Re: [PATCH v3 2/5] KVM: x86: invert KVM_HYPERCALL to default to VMMCALL

From: Ashish Kalra
Date: Fri Aug 20 2021 - 09:32:38 EST


On Thu, Aug 19, 2021 at 11:15:26PM +0000, Sean Christopherson wrote:
> On Thu, Aug 19, 2021, Kalra, Ashish wrote:
> >
> > > On Aug 20, 2021, at 3:38 AM, Kalra, Ashish <Ashish.Kalra@xxxxxxx> wrote:
> > > I think it makes more sense to stick to the original approach/patch, i.e.,
> > > introducing a new private hypercall interface like kvm_sev_hypercall3() and
> > > let early paravirtualized kernel code invoke this private hypercall
> > > interface wherever required.
>
> I don't like the idea of duplicating code just because the problem is tricky to
> solve. Right now it's just one function, but it could balloon to multiple in
> the future. Plus there's always the possibility of a new, pre-alternatives
> kvm_hypercall() being added in generic code, at which point using an SEV-specific
> variant gets even uglier.
>

Also to highlight the need to support this interface, capturing the flow
of apply_alternatives() as part of this thread:

setup_arch() call init_hypervisor_platform() which detects the
hypervisor platform the kernel is running under and then the hypervisor
specific initialization code can make early hypercalls. For example, KVM
specific initialization in case of SEV will try to mark the
"__bss_decrypted" section's encryption state via early page encryption
status hypercalls.

Now, apply_alternatives() is called much later when setup_arch() calls
check_bugs(), so we do need some kind of an early, pre-alternatives
hypercall interface.

Other cases of pre-alternatives hypercalls include marking per-cpu GHCB
pages as decrypted on SEV-ES and per-cpu apf_reason, steal_time and
kvm_apic_eoi as decrypted for SEV generally.

Actually using this kvm_sev_hypercall3() function may be abstracted
quite nicely. All these early hypercalls are made through
early_set_memory_XX() interfaces, which in turn invoke pv_ops.

Now, pv_ops can have this SEV/TDX specific abstractions.

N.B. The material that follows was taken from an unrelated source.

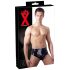 LATEX - Chilot bărbatesc cu dildo anal conic interior (negru) - XL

Currently, pv_ops.mmu.notify_page_enc_status_changed() callback is setup
to kvm_sev_hypercall3() in case of SEV.

Similarly, in case of TDX, pv_ops.mmu.notify_page_enc_status_changed() can
be setup to a TDX specific callback.

Therefore, this early_set_memory_XX() -> pv_ops.mmu.notify_page_enc_status_changed()
is a generic interface and can easily have SEV, TDX and any other future platform
specific abstractions added to it.

Thanks,
Ashish

> > > This helps avoiding Intel CPUs taking unnecessary #UDs and also avoid using
> > > hacks as below.
> > >
> > > TDX code can introduce similar private hypercall interface for their early
> > > para virtualized kernel code if required.
> >
> > Actually, if we are using this kvm_sev_hypercall3() and not modifying
> > KVM_HYPERCALL() then Intel CPUs avoid unnecessary #UDs and TDX code does not
> > need any new interface. Only early AMD/SEV specific code will use this
> > kvm_sev_hypercall3() interface. TDX code will always work with
> > KVM_HYPERCALL().
>
> Even if VMCALL is the default, i.e. not patched in, VMCALL it will #VE on TDX.
> In other words, VMCALL isn't really any better than VMMCALL, TDX will need to do
> something clever either way.